(Raw data):

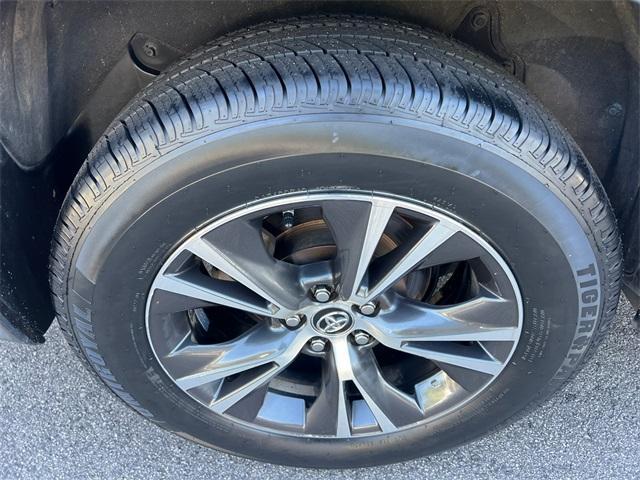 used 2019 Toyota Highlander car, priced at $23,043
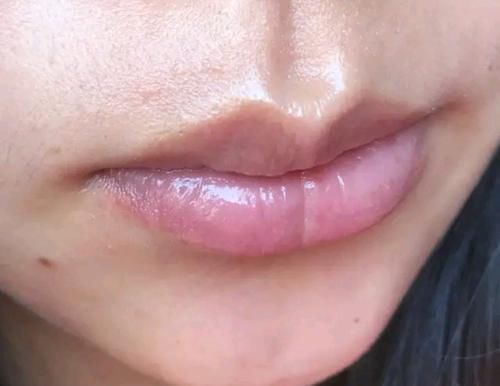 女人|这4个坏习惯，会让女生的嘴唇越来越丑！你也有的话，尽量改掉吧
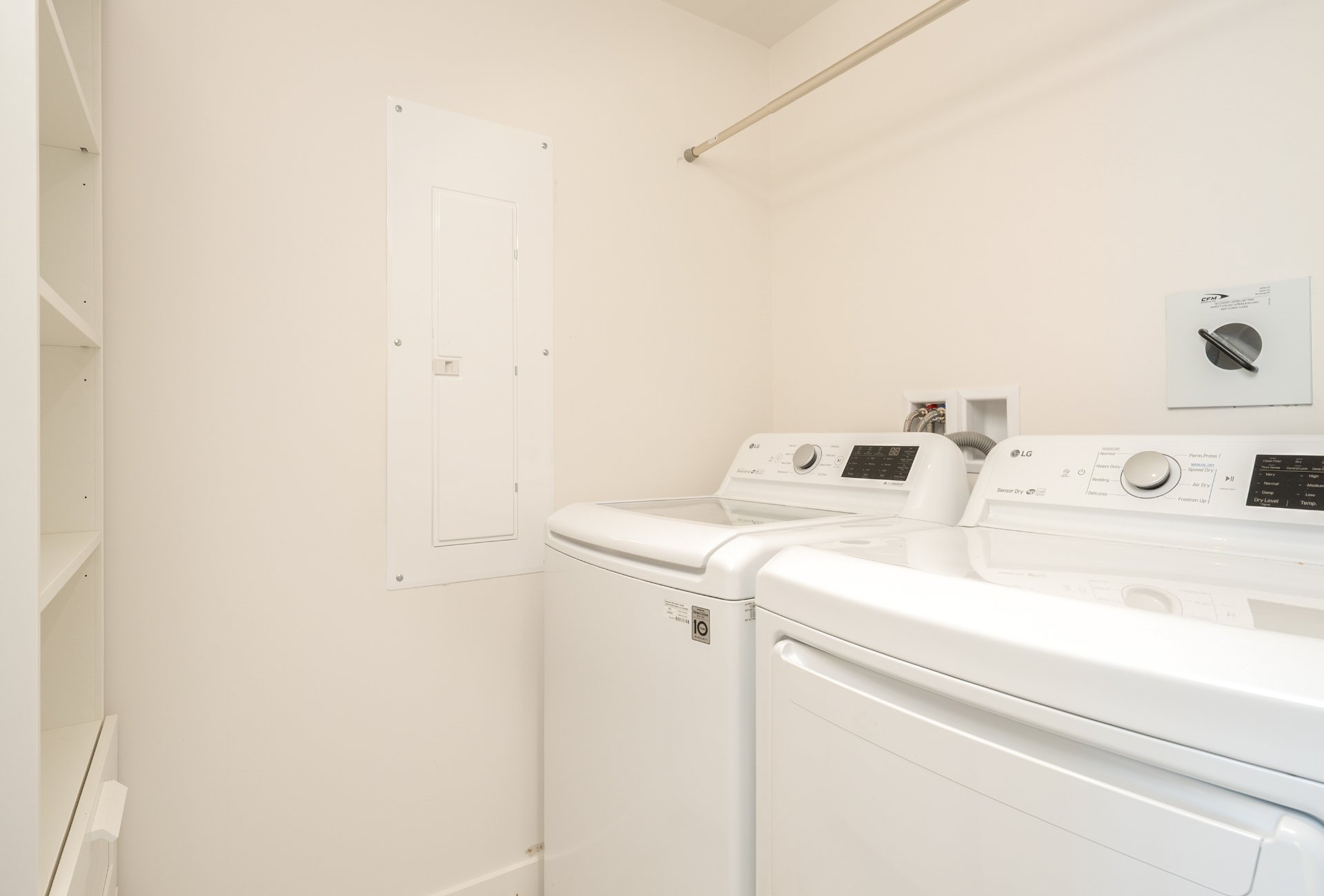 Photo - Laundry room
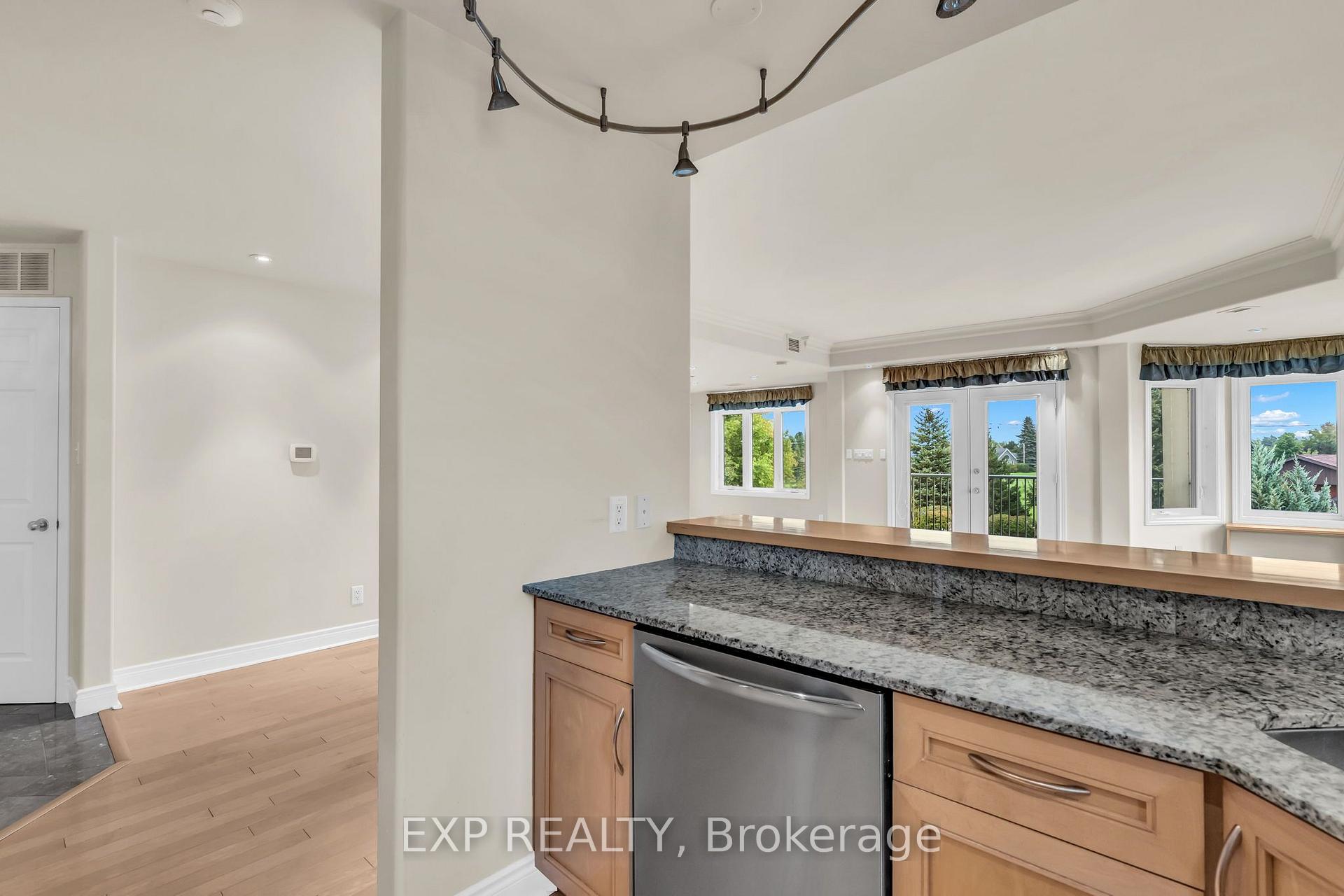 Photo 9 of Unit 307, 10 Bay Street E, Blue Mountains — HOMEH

(Required action):
Exact transcription of the full listing above is required; images do not belong in it.

(Exercise result):
 used 2019 Toyota Highlander car, priced at $23,043
 女人|这4个坏习惯，会让女生的嘴唇越来越丑！你也有的话，尽量改掉吧
 Photo - Laundry room
 Photo 9 of Unit 307, 10 Bay Street E, Blue Mountains — HOMEH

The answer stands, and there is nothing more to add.